## Neutral Network Model for CA Housing Dataset

#### 1. Prepare Data
Model specific pre-processing, including creating datasets and scaling data for neural network.

In [42]:
import pandas as pd
import numpy as np
from sklearn.model_selection import train_test_split
from sklearn.preprocessing import StandardScaler

# Import dataset
dataset = pd.read_csv('datasets/preprocessed_dataset.csv')

# Step 1: First split (Train: 60%, Temp: 40%)
train_set, temp_set = train_test_split(dataset, test_size=0.4, random_state=42)

# Step 2: Second split (Validation: 20%, Test: 20% from the 40%)
val_set, test_set = train_test_split(temp_set, test_size=0.5, random_state=42)

# Check sizes
print(f"Train size: {len(train_set)}")
print(f"Validation size: {len(val_set)}")
print(f"Test size: {len(test_set)}")

# Select the columns to scale (last two columns)
cols_to_scale = ['median_income', 'median_house_value']

# Initialize scaler and fit on training data only
scaler = StandardScaler()
train_scaled_values = scaler.fit_transform(train_set[cols_to_scale])
val_scaled_values = scaler.transform(val_set[cols_to_scale])
test_scaled_values = scaler.transform(test_set[cols_to_scale])

# Create new column names
scaled_col_names = [f"{col}_scaled" for col in cols_to_scale]

# Add scaled columns and drop originals
for df, scaled_data in zip([train_set, val_set, test_set], [train_scaled_values, val_scaled_values, test_scaled_values]):
    for orig_col, scaled_col in zip(cols_to_scale, scaled_col_names):
        df[scaled_col] = scaled_data[:, scaled_col_names.index(scaled_col)]
    df.drop(columns=cols_to_scale, inplace=True)
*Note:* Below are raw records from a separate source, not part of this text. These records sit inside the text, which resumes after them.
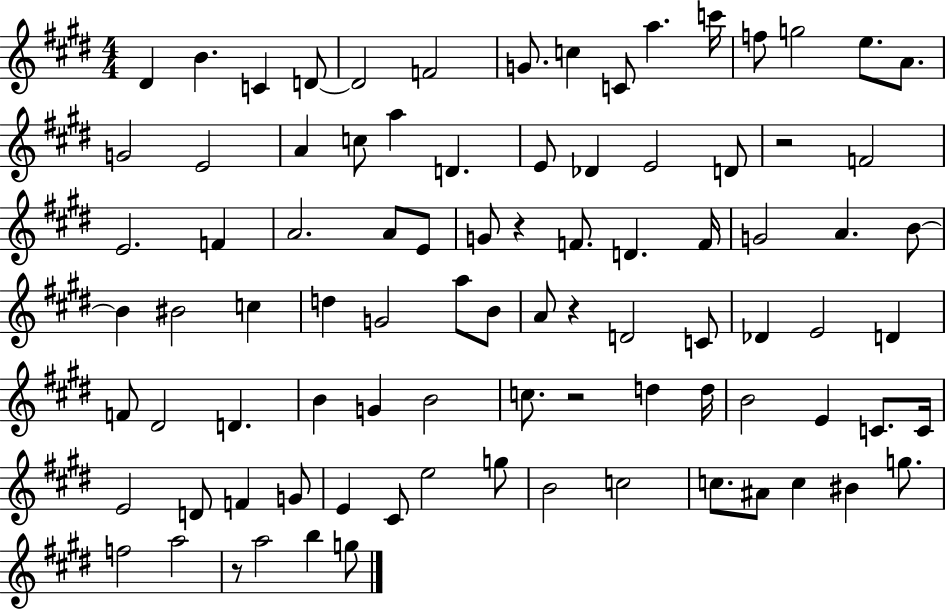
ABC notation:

X:1
T:Untitled
M:4/4
L:1/4
K:E
^D B C D/2 D2 F2 G/2 c C/2 a c'/4 f/2 g2 e/2 A/2 G2 E2 A c/2 a D E/2 _D E2 D/2 z2 F2 E2 F A2 A/2 E/2 G/2 z F/2 D F/4 G2 A B/2 B ^B2 c d G2 a/2 B/2 A/2 z D2 C/2 _D E2 D F/2 ^D2 D B G B2 c/2 z2 d d/4 B2 E C/2 C/4 E2 D/2 F G/2 E ^C/2 e2 g/2 B2 c2 c/2 ^A/2 c ^B g/2 f2 a2 z/2 a2 b g/2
# Select features for model
feature_cols = ['longitude', 'latitude', 'ocean_proximity_encoded', 'median_income_scaled',]
target_col = 'median_house_value_scaled'

# Extract features and targets and convert to numpy
X_train = train_set[feature_cols].to_numpy()
y_train = train_set[target_col].to_numpy()
X_val = val_set[feature_cols].to_numpy()
y_val = val_set[target_col].to_numpy()
X_test = test_set[feature_cols].to_numpy()
y_test = test_set[target_col].to_numpy()

Train size: 11027
Validation size: 3676
Test size: 3676


#### Define Model Parameters
Define Model and Hyperparameter Set


In [None]:
from sklearn.neural_network import MLPRegressor
from sklearn.model_selection import GridSearchCV

# Define Hyperparameters
param_grid = {
    'hidden_layer_sizes': [(8,), (16, 8), (32, 16, 8)],
    'activation': ['relu', 'tanh'],
    'alpha': [0.0001, 0.001],  # L2 regularization strength
    'solver': ['adam'],
    'max_iter': [1000]
}

# Create base model
mlp = MLPRegressor(random_state=42)

# GridSearchCV with 3-fold cross-validation on training set
grid_search = GridSearchCV(mlp, param_grid, cv=3, scoring='neg_mean_squared_error', n_jobs=-1)

# Fit only on the training set
grid_search.fit(X_train, y_train)



NameError: name 'X_train' is not defined